These entries must be printed again exactly as they are.
-------- Data shown
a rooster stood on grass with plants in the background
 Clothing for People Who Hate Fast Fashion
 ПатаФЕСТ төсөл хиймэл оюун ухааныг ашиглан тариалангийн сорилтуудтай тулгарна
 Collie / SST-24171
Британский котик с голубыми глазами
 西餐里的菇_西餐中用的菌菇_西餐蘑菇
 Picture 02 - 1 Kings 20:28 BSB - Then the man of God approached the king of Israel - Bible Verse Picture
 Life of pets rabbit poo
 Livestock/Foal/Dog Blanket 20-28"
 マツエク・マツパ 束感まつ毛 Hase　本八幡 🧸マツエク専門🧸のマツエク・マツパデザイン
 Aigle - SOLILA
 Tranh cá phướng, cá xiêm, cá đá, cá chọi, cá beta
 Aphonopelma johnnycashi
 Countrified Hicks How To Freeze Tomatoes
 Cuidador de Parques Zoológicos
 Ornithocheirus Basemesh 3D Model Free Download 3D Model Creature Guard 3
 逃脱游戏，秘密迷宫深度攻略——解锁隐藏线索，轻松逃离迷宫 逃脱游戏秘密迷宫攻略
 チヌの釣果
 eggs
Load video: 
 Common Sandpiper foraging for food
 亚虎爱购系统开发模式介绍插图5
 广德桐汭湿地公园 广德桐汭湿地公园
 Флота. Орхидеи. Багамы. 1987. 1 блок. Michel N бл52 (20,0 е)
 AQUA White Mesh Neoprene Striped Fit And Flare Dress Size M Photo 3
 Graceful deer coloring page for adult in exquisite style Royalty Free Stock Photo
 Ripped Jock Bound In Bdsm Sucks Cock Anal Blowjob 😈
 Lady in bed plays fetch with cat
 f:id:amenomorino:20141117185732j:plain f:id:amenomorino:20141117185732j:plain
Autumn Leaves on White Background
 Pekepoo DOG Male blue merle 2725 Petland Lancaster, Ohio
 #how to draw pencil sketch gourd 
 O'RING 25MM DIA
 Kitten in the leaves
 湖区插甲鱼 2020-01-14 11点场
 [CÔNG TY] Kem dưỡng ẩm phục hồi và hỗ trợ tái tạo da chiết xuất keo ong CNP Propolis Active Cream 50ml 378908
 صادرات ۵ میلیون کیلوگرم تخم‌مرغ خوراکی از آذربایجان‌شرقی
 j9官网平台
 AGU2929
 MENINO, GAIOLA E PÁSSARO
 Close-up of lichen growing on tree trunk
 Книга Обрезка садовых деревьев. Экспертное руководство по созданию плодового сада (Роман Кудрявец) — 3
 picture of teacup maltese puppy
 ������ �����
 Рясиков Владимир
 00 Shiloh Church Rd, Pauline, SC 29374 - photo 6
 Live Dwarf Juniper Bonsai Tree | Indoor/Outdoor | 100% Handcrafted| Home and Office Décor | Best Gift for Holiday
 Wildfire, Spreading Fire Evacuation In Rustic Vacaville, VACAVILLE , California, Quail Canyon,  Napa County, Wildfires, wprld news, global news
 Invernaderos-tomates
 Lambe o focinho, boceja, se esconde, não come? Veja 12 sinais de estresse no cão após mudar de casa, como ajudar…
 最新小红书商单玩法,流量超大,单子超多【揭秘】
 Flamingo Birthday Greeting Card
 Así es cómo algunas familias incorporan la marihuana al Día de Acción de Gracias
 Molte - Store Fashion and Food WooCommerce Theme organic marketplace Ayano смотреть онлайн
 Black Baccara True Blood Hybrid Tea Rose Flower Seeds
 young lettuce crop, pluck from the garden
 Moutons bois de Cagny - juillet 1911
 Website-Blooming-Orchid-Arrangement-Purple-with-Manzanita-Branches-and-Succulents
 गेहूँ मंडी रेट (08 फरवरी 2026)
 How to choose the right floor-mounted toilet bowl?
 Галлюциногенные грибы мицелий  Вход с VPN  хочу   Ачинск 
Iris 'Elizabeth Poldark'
----------------
§ **Expected answer**:
a rooster stood on grass with plants in the background
 Clothing for People Who Hate Fast Fashion
 ПатаФЕСТ төсөл хиймэл оюун ухааныг ашиглан тариалангийн сорилтуудтай тулгарна
 Collie / SST-24171
Британский котик с голубыми глазами
 西餐里的菇_西餐中用的菌菇_西餐蘑菇
 Picture 02 - 1 Kings 20:28 BSB - Then the man of God approached the king of Israel - Bible Verse Picture
 Life of pets rabbit poo
 Livestock/Foal/Dog Blanket 20-28"
 マツエク・マツパ 束感まつ毛 Hase　本八幡 🧸マツエク専門🧸のマツエク・マツパデザイン
 Aigle - SOLILA
 Tranh cá phướng, cá xiêm, cá đá, cá chọi, cá beta
 Aphonopelma johnnycashi
 Countrified Hicks How To Freeze Tomatoes
 Cuidador de Parques Zoológicos
 Ornithocheirus Basemesh 3D Model Free Download 3D Model Creature Guard 3
 逃脱游戏，秘密迷宫深度攻略——解锁隐藏线索，轻松逃离迷宫 逃脱游戏秘密迷宫攻略
 チヌの釣果
 eggs
Load video: 
 Common Sandpiper foraging for food
 亚虎爱购系统开发模式介绍插图5
 广德桐汭湿地公园 广德桐汭湿地公园
 Флота. Орхидеи. Багамы. 1987. 1 блок. Michel N бл52 (20,0 е)
 AQUA White Mesh Neoprene Striped Fit And Flare Dress Size M Photo 3
 Graceful deer coloring page for adult in exquisite style Royalty Free Stock Photo
 Ripped Jock Bound In Bdsm Sucks Cock Anal Blowjob 😈
 Lady in bed plays fetch with cat
 f:id:amenomorino:20141117185732j:plain f:id:amenomorino:20141117185732j:plain
Autumn Leaves on White Background
 Pekepoo DOG Male blue merle 2725 Petland Lancaster, Ohio
 #how to draw pencil sketch gourd 
 O'RING 25MM DIA
 Kitten in the leaves
 湖区插甲鱼 2020-01-14 11点场
 [CÔNG TY] Kem dưỡng ẩm phục hồi và hỗ trợ tái tạo da chiết xuất keo ong CNP Propolis Active Cream 50ml 378908
 صادرات ۵ میلیون کیلوگرم تخم‌مرغ خوراکی از آذربایجان‌شرقی
 j9官网平台
 AGU2929
 MENINO, GAIOLA E PÁSSARO
 Close-up of lichen growing on tree trunk
 Книга Обрезка садовых деревьев. Экспертное руководство по созданию плодового сада (Роман Кудрявец) — 3
 picture of teacup maltese puppy
 ������ �����
 Рясиков Владимир
 00 Shiloh Church Rd, Pauline, SC 29374 - photo 6
 Live Dwarf Juniper Bonsai Tree | Indoor/Outdoor | 100% Handcrafted| Home and Office Décor | Best Gift for Holiday
 Wildfire, Spreading Fire Evacuation In Rustic Vacaville, VACAVILLE , California, Quail Canyon,  Napa County, Wildfires, wprld news, global news
 Invernaderos-tomates
 Lambe o focinho, boceja, se esconde, não come? Veja 12 sinais de estresse no cão após mudar de casa, como ajudar…
 最新小红书商单玩法,流量超大,单子超多【揭秘】
 Flamingo Birthday Greeting Card
 Así es cómo algunas familias incorporan la marihuana al Día de Acción de Gracias
 Molte - Store Fashion and Food WooCommerce Theme organic marketplace Ayano смотреть онлайн
 Black Baccara True Blood Hybrid Tea Rose Flower Seeds
 young lettuce crop, pluck from the garden
 Moutons bois de Cagny - juillet 1911
 Website-Blooming-Orchid-Arrangement-Purple-with-Manzanita-Branches-and-Succulents
 गेहूँ मंडी रेट (08 फरवरी 2026)
 How to choose the right floor-mounted toilet bowl?
 Галлюциногенные грибы мицелий  Вход с VPN  хочу   Ачинск 
Iris 'Elizabeth Poldark'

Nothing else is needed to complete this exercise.